Typically writing comments for game is separate step done before other steps. This allows comment author to focus on making clear explanations and presenting ideas clearly.
In comment writing one usually decided which variations to include, and when just reference board without additional variation diagram. However comment author does not finalize diagrams, so they are unlikely to be ready for printing.
Showing Part of Board
Often only small part of board is important in variation. Diagram can specify visible area in board.
Do not show too small area, as it may confuse reader. Include one empty row and column in every direction, if empty areas is close. If no reasonable empty area is close, it is necessary to look at board position to not create distracting effects.
Actual game is almost always shown in full board, even it would not be necessary for including moves.
Move number range
Avoid move number over 100, as these get hard to read, especially when there are lots of numbered stoned in diagram.
Move numbers over 200 should almost never be used.
Variation and diagrams
Combining variations and diagrams allows diagrams that contain alternative continuations for example to show why certain move does not work. These diagrams often start move numbering from 1. This can be done by selecting Start numbering from 1 in diagram creation dialog.
Margins for diagrams
Diagrams are often positioned in middle of text. In such layout suitable distance between text and diagram is needed. if distance is too small, result is confusing and hard to read layout. Too much margin reduces amount of diagrms and text that fits into page. It is usually better to leave too much than too little
GOWrite can add extra white space to diagrams. This may avoid need to adjust diagram margins in layout program, where it often must be done individually for each diagram. Adjustment is available in Options -> Layout and Graphics Options. In dialog select area "Diagram" and ajust margin values.
Typical layout strategies
Number of typical layout strategies exists, roughly speaking "Narrow Column", "Wide Column" and "Fixed Diagram Location"
Narrow Column Width
Typical layout has relatively narrow columns. Column width is often close to board width. Typical narrow column example is on right.
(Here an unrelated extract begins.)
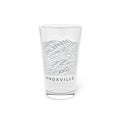Knoxville Ridgeline Pint Glass
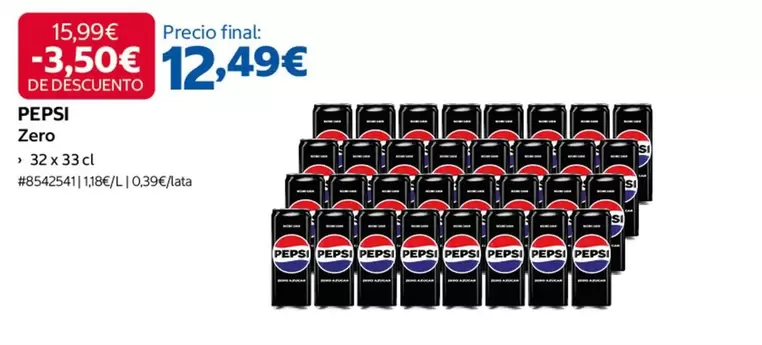 pepsi - Zero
Typical example is two columns in A5. A5 is smallest size, where two columns can be reasonably used. Two columns in A5 may result in quite narrow for board. Two columns in A4 (or landscape A5) results in similat, but less packed layout.
In narrow columns board may be bit wider than text column, as illustrated in picture below. Moves in board may extend significantly outside of text column.
Often board may also be extend bit over (or below) text.
In the example left and right margins for text are marked with red.
Wide column width is easy to typeset. It may be necessary to leave a lot of white space when there are a lot of diagrams compared to explanation text.
In wide column layout it is often possible to add text to either side of bull-board diagram. However this may be unadvisable, as empty space would improve readability.
Wide column is typical used in layouts for textbooks having longer explanations.
Fixed Diagram Locations
In fixed diagram location diagrams are put in same location in every page. Result may be very good, if material is regular enough for this kind of layout. As there is minimal variation in layout, reader quickly learns layout and can find relevant information.
In the example answers to problems are in fixed grid. Typically problems and solutions have very limited text associated with them.
Fixed diagram locations may be suitable for Joseki Dictionaries (Ishida) or problem books.
Small (partial board) diagrams may alternatively be in left or right aligned in column. When properly used, this may give clear connection between text and diagram.
In this example please pay attention to diagram and text for Variation 6 and Variation 7.
However it is not good idea to pack text too tightly. White space can be used to structure comments and improve readability.